= Alamo Scouts Training Center =

Guard Booth, Finschafen Area, New Guinea (Signal Corps Photo)

Training camp and headquarters of the U.S. Sixth Army Special Reconnaissance Unit, known as the Alamo Scouts. They served in the Southwest Pacific Theater during World War II.

Formed as a top secret ad hoc unit by the lieutenant general commanding Sixth Army, Walter Krueger, on 28 November 1943 to conduct raider and reconnaissance work in the Southwest Pacific, the Alamo Scouts performed 108 missions behind enemy lines without losing a single man killed or captured.
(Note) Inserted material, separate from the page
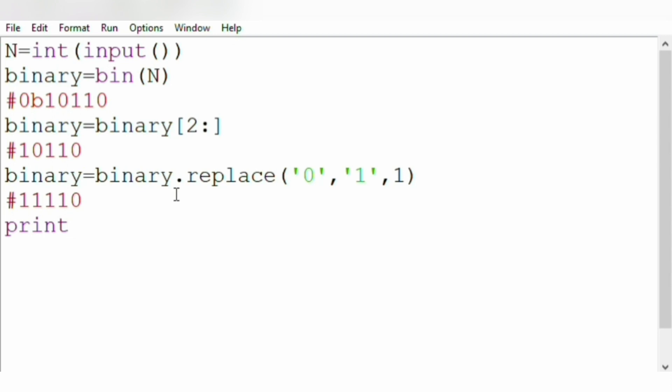Now we are going to print that: print int binary and the base 2.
Of the more than 700 candidates selected for training, only 138 were retained as Alamo Scouts and were formed into elite six-to-seven man teams.

In less than seventeen months in the field the Alamo Scouts earned 118 combat decorations and numerous other awards. The unit was unceremoniously disbanded in late November 1945 with a war record unmatched in United States military history. In 1988 the Alamo Scouts were awarded the Special Forces Tab recognizing the unit as a forerunner of the modern Special Forces.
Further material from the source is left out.